Donated to the City of Austin in 1875 by Texas Governor Elisha M. Pease, the 84-acre Pease Park is Austin’s oldest civic green space outside of the downtown public squares laid out in the city’s original plan, and next month the facility will debut its most significant upgrade since the park’s first major improvements nearly a century ago.
Known as Kingsbury Commons, the project imagined by local design firm Ten Eyck Landscape Architecture creates a $15 million all-ages recreational area at the park’s southern entrance at Kingsbury Street, including new play areas, an amphitheater, great lawn, water feature, and renovations converting the site’s historic 1920s-era “Tudor Cottage” public restroom building into an event venue and adjacent patio designed by local preservation-minded architects Clayton Korte.
It’s only the first phase of the much larger Pease Park Vision Plan imagined by stewardship organization the Pease Park Conservancy, which will assume operations and maintenance responsibilities for these and other anticipated improvements via public-private partnership with the City of Austin. This is all fantastic news, but we’re really here to talk about one addition at the heart of this project — its official name is the Treehouse, but I can’t help calling it the Orb. It looks like this:
Designed by local studio Mell Lawrence Architects, the Orb — sorry, the Treehouse — is an installation apparently meant to resemble a seed pod resting on the forest floor. A net stretched across its second level allows park-goers to sit or lie suspended among the surrounding canopy of trees, providing a perspective closer to nature and an all-around good time in a high-design package, serving as the Kingsbury project’s major focal point due to its sharp, Crichton novel-esque looks.

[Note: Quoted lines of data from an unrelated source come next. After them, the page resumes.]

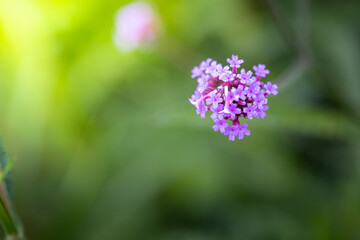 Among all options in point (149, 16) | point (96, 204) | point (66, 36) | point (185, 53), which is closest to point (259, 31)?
point (185, 53)

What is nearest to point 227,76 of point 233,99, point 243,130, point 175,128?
point 233,99

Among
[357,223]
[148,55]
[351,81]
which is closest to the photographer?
[357,223]

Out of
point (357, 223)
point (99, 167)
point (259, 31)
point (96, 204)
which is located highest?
point (259, 31)

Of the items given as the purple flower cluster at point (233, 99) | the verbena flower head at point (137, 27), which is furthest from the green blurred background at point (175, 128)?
the purple flower cluster at point (233, 99)

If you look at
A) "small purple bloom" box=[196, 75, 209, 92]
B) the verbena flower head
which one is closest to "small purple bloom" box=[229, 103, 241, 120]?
"small purple bloom" box=[196, 75, 209, 92]

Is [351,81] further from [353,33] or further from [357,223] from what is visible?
[357,223]

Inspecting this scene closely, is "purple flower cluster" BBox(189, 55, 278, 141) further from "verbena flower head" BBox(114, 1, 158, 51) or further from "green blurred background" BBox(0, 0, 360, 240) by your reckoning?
"verbena flower head" BBox(114, 1, 158, 51)

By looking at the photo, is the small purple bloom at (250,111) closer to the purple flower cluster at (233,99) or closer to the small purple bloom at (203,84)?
the purple flower cluster at (233,99) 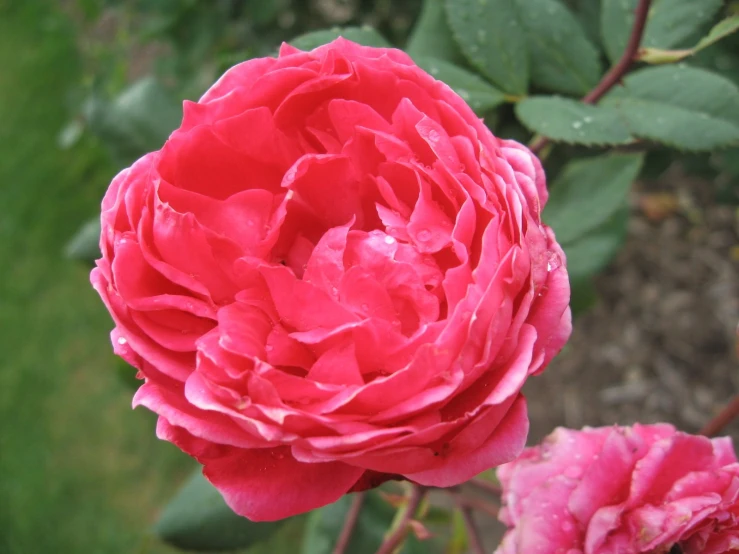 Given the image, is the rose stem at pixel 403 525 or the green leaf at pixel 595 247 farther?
the green leaf at pixel 595 247

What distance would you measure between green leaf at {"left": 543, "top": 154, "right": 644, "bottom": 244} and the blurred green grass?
1.30 m

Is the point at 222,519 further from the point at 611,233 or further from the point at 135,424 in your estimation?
the point at 135,424

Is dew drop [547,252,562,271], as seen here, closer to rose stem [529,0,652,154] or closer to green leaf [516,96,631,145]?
green leaf [516,96,631,145]

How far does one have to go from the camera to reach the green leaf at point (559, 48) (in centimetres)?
89

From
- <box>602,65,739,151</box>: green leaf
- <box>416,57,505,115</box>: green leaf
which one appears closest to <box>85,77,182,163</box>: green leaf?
<box>416,57,505,115</box>: green leaf

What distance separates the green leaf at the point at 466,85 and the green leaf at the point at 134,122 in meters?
0.47

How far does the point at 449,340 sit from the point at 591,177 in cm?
54

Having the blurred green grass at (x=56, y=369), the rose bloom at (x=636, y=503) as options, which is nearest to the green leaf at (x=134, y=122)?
the rose bloom at (x=636, y=503)

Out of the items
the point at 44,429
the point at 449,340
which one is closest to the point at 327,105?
the point at 449,340

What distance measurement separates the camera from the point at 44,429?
6.91 ft

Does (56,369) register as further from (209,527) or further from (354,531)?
(354,531)

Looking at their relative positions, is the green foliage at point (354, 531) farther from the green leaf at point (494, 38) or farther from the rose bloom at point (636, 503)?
the green leaf at point (494, 38)

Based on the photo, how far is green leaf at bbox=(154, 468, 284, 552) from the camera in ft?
3.43

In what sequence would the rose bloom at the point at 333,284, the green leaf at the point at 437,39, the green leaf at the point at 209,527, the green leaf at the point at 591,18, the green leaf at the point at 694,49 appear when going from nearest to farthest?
the rose bloom at the point at 333,284, the green leaf at the point at 694,49, the green leaf at the point at 437,39, the green leaf at the point at 209,527, the green leaf at the point at 591,18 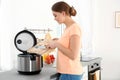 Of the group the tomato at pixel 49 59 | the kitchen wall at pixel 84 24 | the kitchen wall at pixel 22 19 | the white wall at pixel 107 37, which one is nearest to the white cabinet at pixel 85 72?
the tomato at pixel 49 59

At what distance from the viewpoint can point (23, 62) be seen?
2.08 m

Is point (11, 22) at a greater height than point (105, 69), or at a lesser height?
greater

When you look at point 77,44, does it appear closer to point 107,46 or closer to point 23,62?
point 23,62

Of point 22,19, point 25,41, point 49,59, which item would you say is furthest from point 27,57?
point 22,19

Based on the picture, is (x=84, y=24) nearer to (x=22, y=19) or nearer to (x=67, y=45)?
(x=22, y=19)

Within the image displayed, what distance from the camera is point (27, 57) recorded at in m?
2.06

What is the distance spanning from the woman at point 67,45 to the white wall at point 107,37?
2.56m

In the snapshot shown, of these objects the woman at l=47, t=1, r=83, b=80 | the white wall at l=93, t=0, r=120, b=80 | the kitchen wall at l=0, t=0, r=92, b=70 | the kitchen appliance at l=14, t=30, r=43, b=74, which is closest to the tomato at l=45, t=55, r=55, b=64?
the kitchen appliance at l=14, t=30, r=43, b=74

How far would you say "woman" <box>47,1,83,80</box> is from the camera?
6.16ft

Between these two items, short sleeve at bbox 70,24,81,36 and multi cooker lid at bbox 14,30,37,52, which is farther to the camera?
multi cooker lid at bbox 14,30,37,52

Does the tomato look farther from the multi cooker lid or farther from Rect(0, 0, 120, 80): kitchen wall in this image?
Rect(0, 0, 120, 80): kitchen wall

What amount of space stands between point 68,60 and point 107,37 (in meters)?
2.67

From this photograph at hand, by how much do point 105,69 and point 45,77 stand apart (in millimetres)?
2720

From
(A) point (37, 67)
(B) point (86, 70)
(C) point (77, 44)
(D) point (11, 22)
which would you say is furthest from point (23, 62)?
(D) point (11, 22) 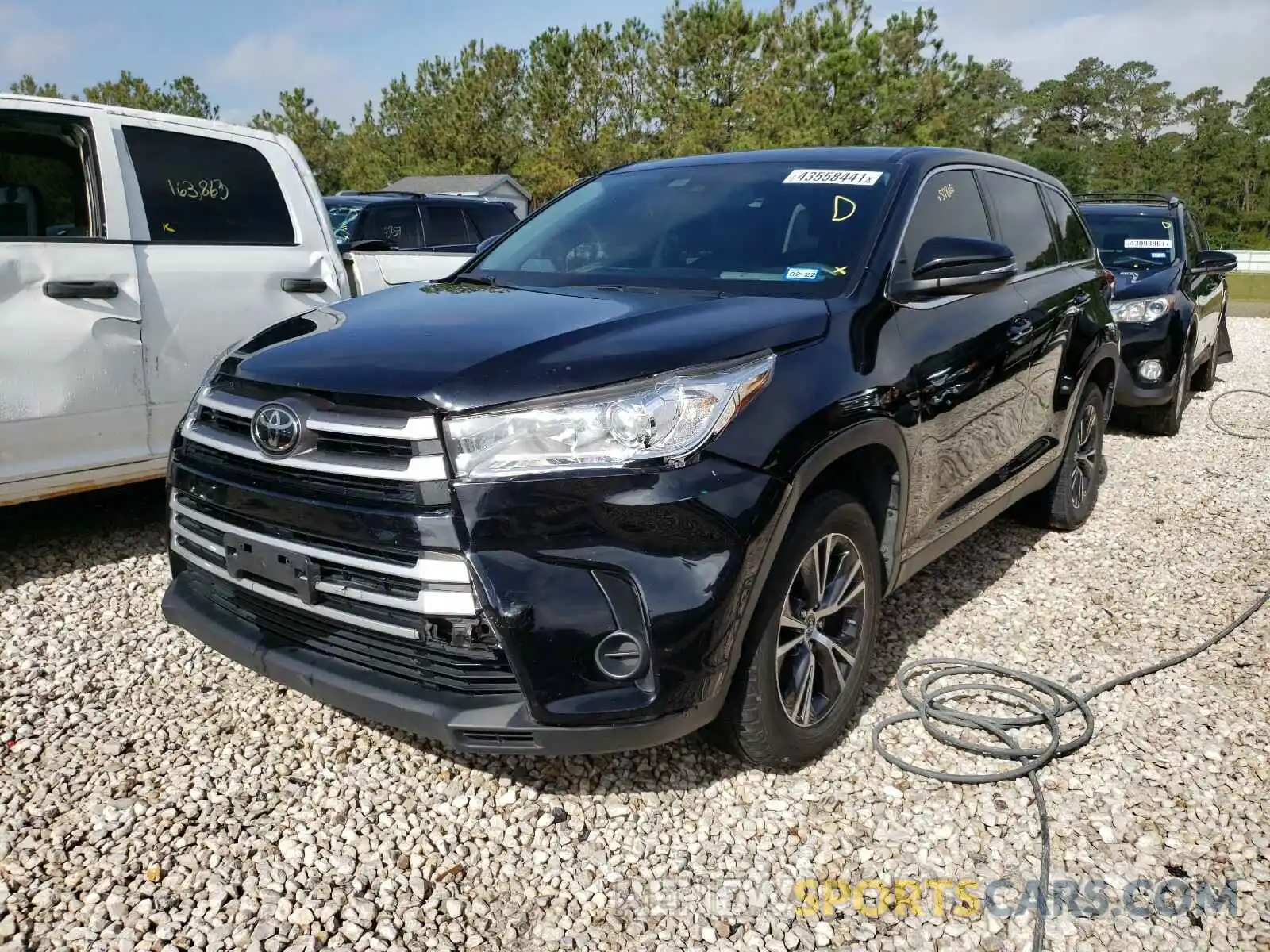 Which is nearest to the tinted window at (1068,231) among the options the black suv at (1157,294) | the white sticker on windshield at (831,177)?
the white sticker on windshield at (831,177)

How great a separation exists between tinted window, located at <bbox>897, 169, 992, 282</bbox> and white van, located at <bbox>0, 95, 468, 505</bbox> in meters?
2.97

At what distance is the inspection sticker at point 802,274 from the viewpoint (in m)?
3.12

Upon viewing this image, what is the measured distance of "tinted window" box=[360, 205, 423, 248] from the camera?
10.0 m

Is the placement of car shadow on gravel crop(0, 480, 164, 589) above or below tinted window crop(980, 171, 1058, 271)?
below

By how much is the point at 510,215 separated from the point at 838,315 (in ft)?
28.4

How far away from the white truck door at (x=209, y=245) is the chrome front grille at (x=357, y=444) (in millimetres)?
2050

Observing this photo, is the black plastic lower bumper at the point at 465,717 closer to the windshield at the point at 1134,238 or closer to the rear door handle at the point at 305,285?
the rear door handle at the point at 305,285

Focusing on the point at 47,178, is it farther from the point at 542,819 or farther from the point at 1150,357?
the point at 1150,357

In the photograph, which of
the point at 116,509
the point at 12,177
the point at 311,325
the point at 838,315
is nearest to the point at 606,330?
the point at 838,315

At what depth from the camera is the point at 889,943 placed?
91.7 inches

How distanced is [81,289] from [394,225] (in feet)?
21.1

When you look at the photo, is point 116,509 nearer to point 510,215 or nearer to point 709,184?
point 709,184

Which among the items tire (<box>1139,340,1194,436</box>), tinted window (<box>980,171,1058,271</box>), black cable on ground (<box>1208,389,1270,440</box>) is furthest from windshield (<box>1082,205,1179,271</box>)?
tinted window (<box>980,171,1058,271</box>)

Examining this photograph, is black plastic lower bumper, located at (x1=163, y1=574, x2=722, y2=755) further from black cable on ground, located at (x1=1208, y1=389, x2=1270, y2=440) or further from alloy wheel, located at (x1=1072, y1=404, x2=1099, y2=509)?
black cable on ground, located at (x1=1208, y1=389, x2=1270, y2=440) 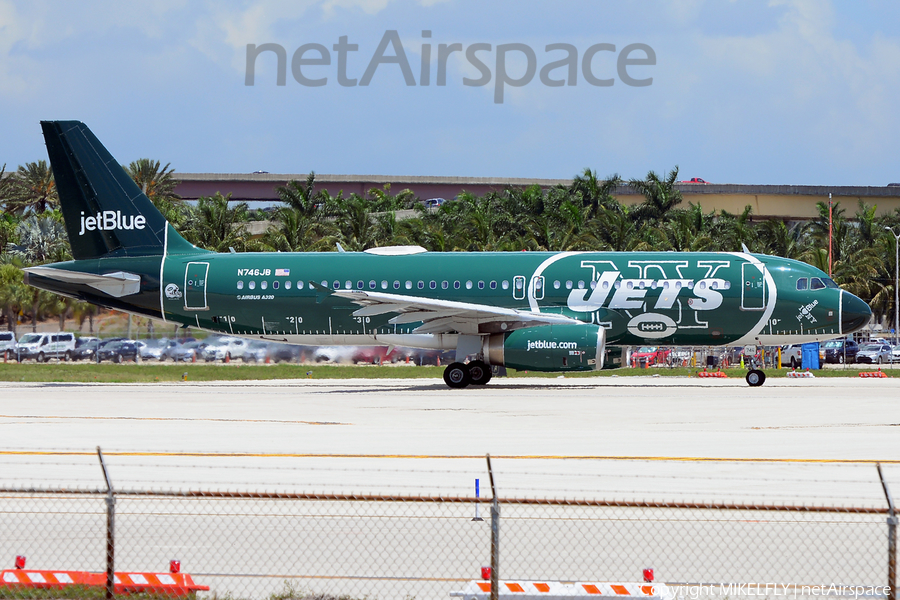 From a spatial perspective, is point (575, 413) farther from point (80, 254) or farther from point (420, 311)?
point (80, 254)

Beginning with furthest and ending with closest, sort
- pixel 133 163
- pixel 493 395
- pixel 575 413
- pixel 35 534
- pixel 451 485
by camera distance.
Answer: pixel 133 163, pixel 493 395, pixel 575 413, pixel 451 485, pixel 35 534

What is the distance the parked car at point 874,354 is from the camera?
2645 inches

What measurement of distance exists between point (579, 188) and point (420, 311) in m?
49.3

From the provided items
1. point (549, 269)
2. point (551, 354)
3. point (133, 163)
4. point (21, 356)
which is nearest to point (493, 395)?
point (551, 354)

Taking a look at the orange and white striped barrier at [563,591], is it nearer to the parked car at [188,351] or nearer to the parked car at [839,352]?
the parked car at [188,351]

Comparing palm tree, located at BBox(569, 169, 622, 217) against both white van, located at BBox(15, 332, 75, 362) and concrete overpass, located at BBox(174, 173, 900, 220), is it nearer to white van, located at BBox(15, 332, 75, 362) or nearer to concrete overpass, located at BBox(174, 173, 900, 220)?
concrete overpass, located at BBox(174, 173, 900, 220)

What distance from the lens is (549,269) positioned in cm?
3459

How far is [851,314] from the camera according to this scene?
1324 inches

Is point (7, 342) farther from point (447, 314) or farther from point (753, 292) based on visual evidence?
point (753, 292)

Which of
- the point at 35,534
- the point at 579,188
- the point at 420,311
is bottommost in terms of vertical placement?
the point at 35,534

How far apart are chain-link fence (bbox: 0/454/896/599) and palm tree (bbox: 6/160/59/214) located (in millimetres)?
94006

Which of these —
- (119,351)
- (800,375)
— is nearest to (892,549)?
(800,375)

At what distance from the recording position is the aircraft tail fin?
1462 inches

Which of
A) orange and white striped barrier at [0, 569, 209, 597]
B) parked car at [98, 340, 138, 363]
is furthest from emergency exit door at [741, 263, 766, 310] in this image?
parked car at [98, 340, 138, 363] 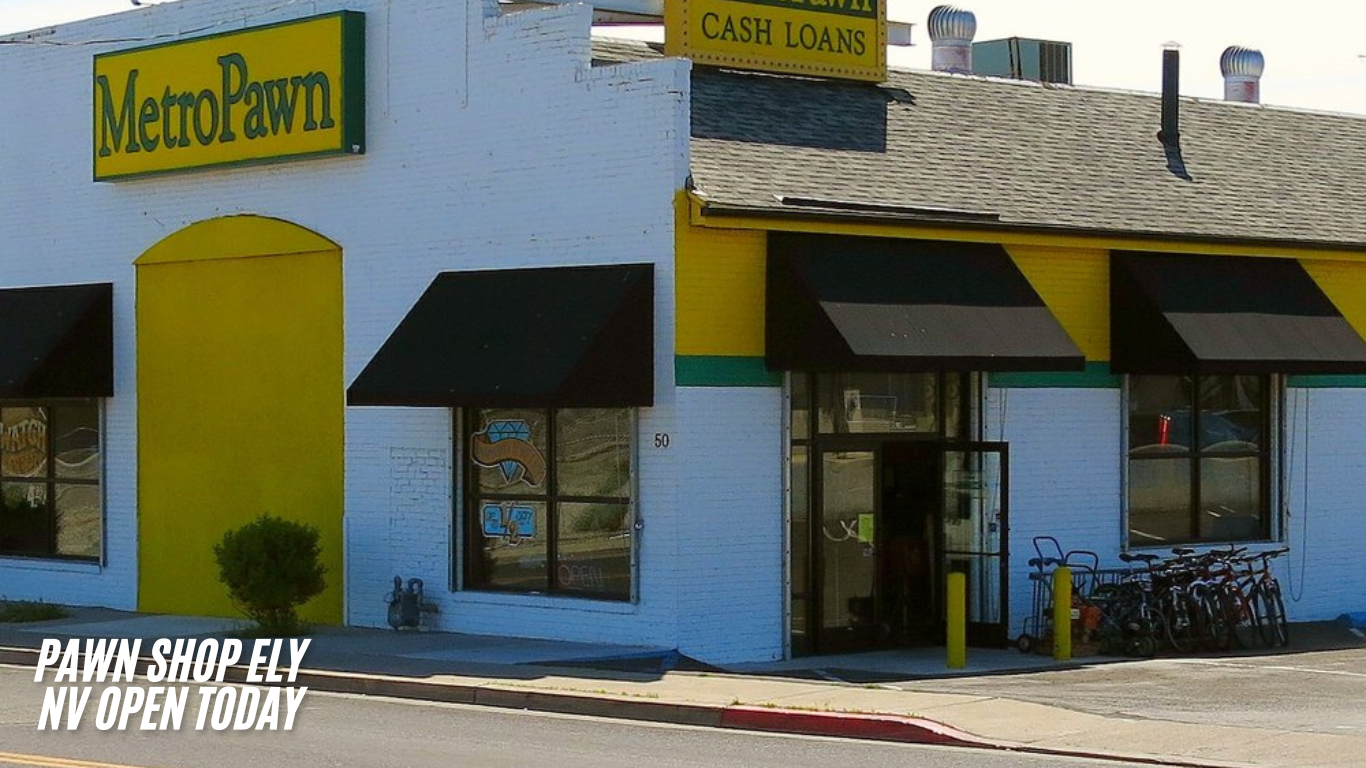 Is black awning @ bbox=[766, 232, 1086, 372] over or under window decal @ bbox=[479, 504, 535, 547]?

The Treehouse raises the bar for Austin’s big-ticket public investments in much the same way as the recent Alliance Children’s Garden or new Central Library. It’s hard to explain, but these designs have a distinctive “big city” feeling about them — they are civic spaces commensurate in scale and vision to the growth of Austin itself, a city all too inclined toward various levels of denial regarding its increasing national prominence despite all evidence to the contrary. With construction kicking off here in March last year around the same time as the pandemic, Kingsbury Commons’ grand opening currently scheduled for mid-June will arrive at just about the perfect time for all of us to get busy rediscovering our love of communal outdoor recreation.